BETRIFFT: Artenvielfalt:

In Zeiten, in denen Wohnungen rar sind und Wohnungsbauer Geld riechen, sind Tiere und Pflanzen auch hier auf der Baar im Weg. Wenn große Bauvorhaben aufgrund einer im Weg stehenden alten Eiche, eines seltenen Jurtenkäfers oder einer Zauneidechsenart in Stocken geraten wird sich darüber lächerlich gemacht, wie man wegen solcher Viechereien den Fortschritt aufhalten kann.

Wenn der letzte Baum gefällt und die letzte Biene oder der letzte Vogel getötet worden ist, wird die Menschheit sich wundern warum sie immer mehr Ungeziefermittel verwenden muss, um noch irgendeinen Ertrag zu erhalten und zudem feststellen das man Geld nicht essen kann

Es ist zwar lobenswert, sich für die Elefanten in Afrika oder die Wale im Meer einzusetzen. Doch denkt jemand auch daran, dass die vor unserer eigenen Haustür vielfältige Fauna und Flora schützenswert ist?

Auch ich habe die leidige Erfahrung gemacht, dass selbst durch den Steuerzahler finanzierte Umweltberater oder hauptamtlich tätige Mitarbeiter im Umweltschutz wohl keine Befugnis haben, bei Bauherren speziell größerer Mietwohnprojekte massiv einzugreifen, um mit Jungvögeln besetzte Vogelnester vor dem Einmauern zu bewahren.

Meist dürfen sie wohl nur Appelle an die Bauherren richten, obwohl das Artenschutzgesetz gemäß Artikel 5 der Richtlinie es grundsätzlich verbietet, wild lebende Vogelarten zu töten oder zu fangen. Nester und Eier dürfen nicht zerstört, beschädigt oder entfernt werden, auch die Vögel selbst dürfen, besonders während ihrer Brut- und Aufzuchtzeit, weder gestört noch beunruhigt werden.

Ein Vogel kann nicht lesen. Er baut, um Nachkommen aufzuziehen, und er kämpft bis zum bitteren Ende um dieses Ziel zu erreichen. Auch er sucht eine Wohnung – allerdings gerade mal für drei Wochen.

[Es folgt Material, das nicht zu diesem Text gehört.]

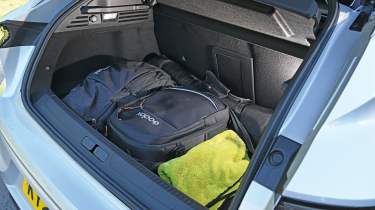 DS No4 Hybrid Etoile Nappa - boot space
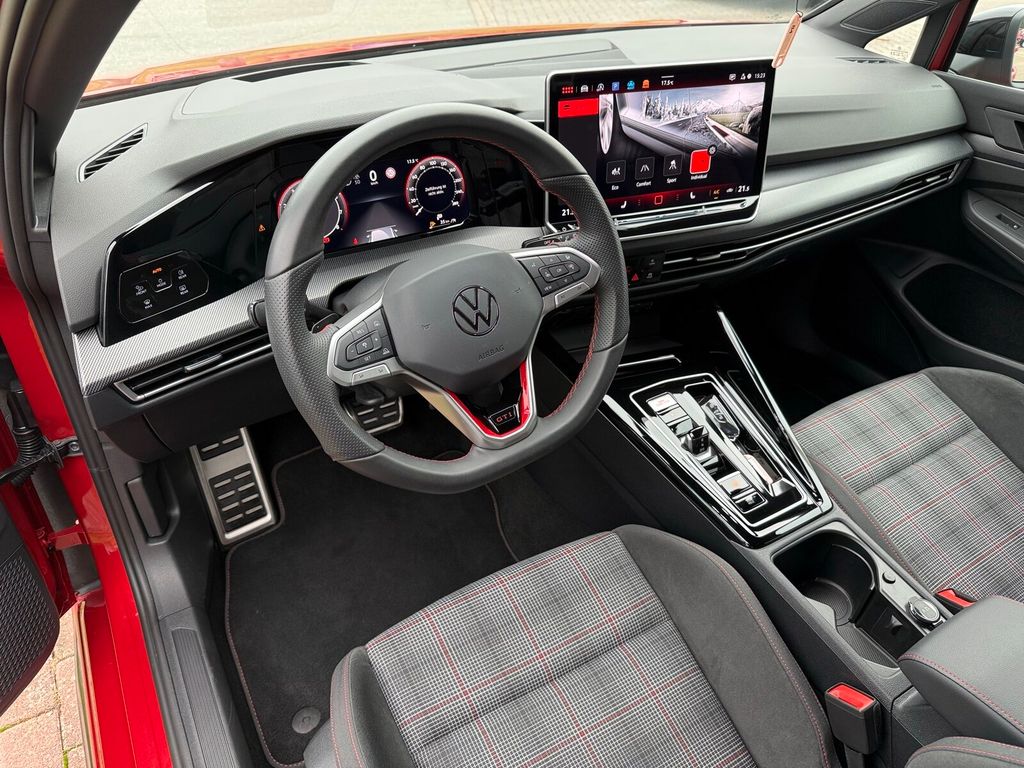 Volkswagen Golf 2024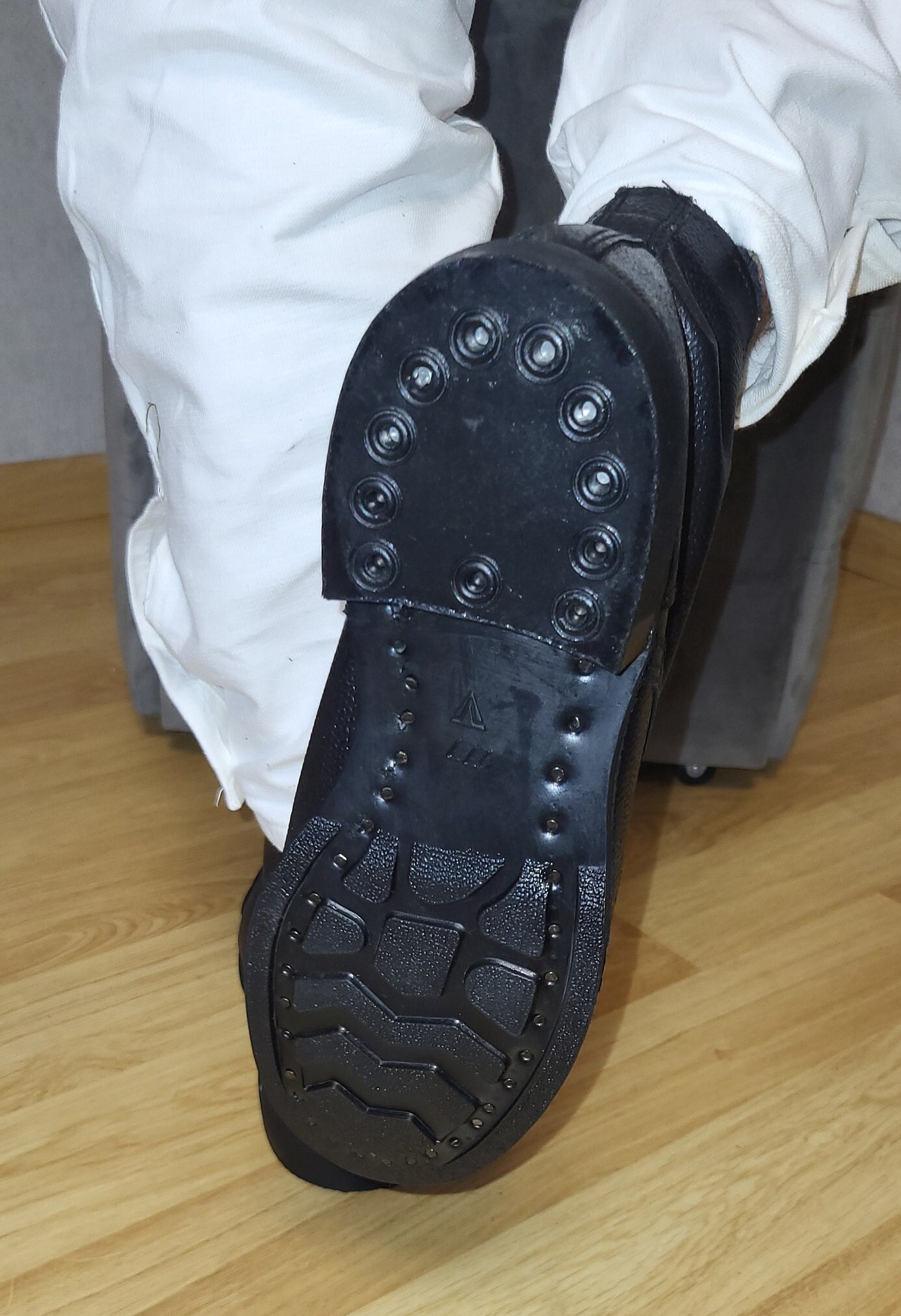 combat boots without laces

Es geht nur um ein Starenpärchen und zwei Rotschwänzchenpaare, die diesem verregneten Frühjahr noch eine Brut abgetrotzt hatten. Diesen Vögeln widme ich diesen Leserbrief. Mit einem bisschen Willen und Respekt vor der Natur wäre es ein leichtes gewesen, die Nester und die Brut darin zu bewahren. So jedoch haben wir wieder ein paar Vögel weniger auf dieser Erde, die uns erfreuen und auf die wir uns jedes Jahr freuen, wenn sie den langen Weg aus den südlichen Gefilden geschafft und wieder hierhergefunden haben, um unter immer schwieriger werdenden Verhältnissen Jungtiere aufzuziehen. Die bittere Erkenntnis für mich ist, dass der Umweltschutz hier auf der Baar den Namen nicht verdient und das der Bauschutz hier vor dem Naturschutz steht. Da hilft leider auch keine grüne Landesregierung – denn die Gemeinden selbst haben es in der Hand, ihre Hausaufgaben in Sachen Naturschutz zu machen.

Und da versagt der Schwarzwald-Baar-Kreis leider auf ganzer Linie. Da helfen auch keine mit großem Trara eingeweihten Naturparks und kein verirrter Wolf im Wald.